**REQUIREMENT**
All of the lines below are to be transcribed faithfully, with pictures excluded from the copy.

**SUPPLIED INFORMATION**
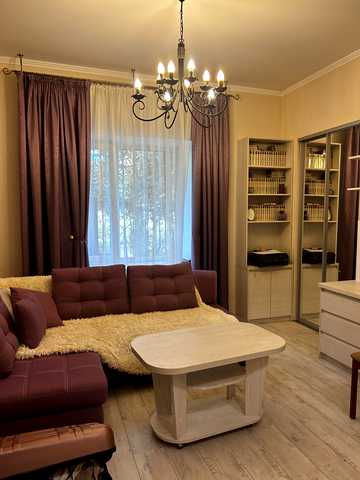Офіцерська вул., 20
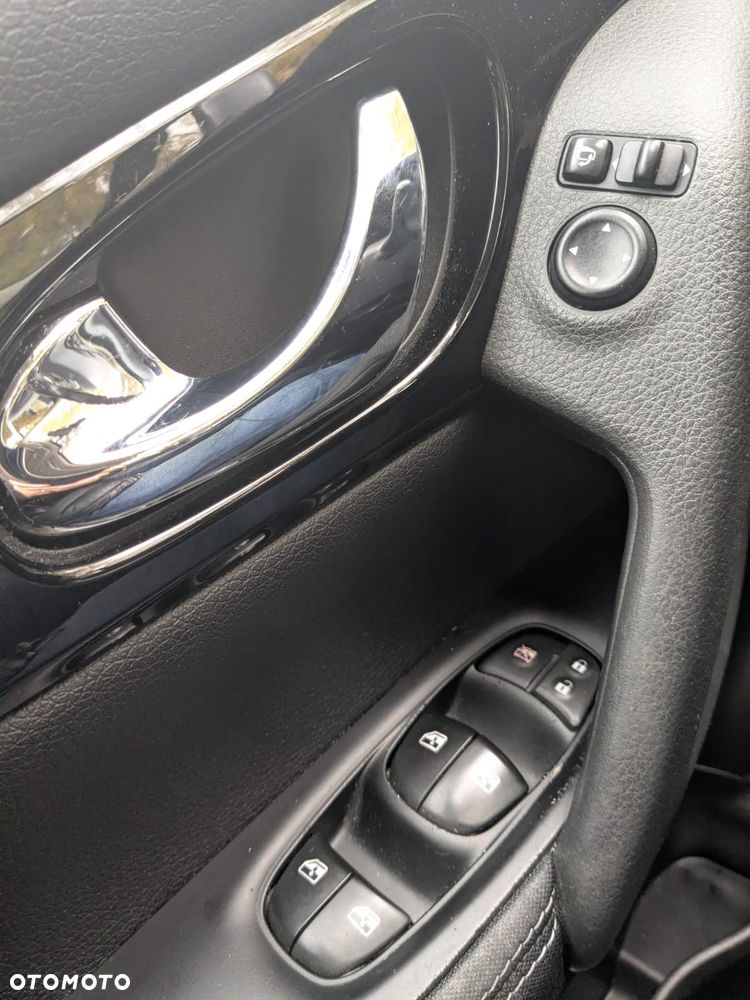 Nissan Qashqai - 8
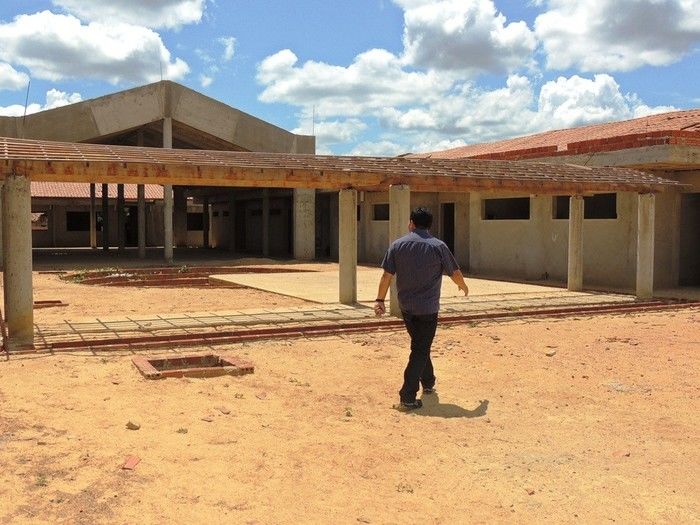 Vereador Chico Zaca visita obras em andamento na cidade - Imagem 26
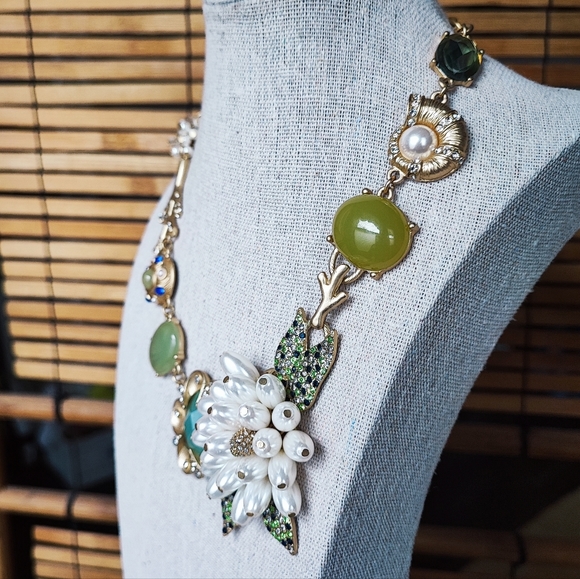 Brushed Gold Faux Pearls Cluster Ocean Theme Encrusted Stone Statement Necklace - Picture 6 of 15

**WRITTEN ANSWER**
Офіцерська вул., 20
 Nissan Qashqai - 8
 Vereador Chico Zaca visita obras em andamento na cidade - Imagem 26
 Brushed Gold Faux Pearls Cluster Ocean Theme Encrusted Stone Statement Necklace - Picture 6 of 15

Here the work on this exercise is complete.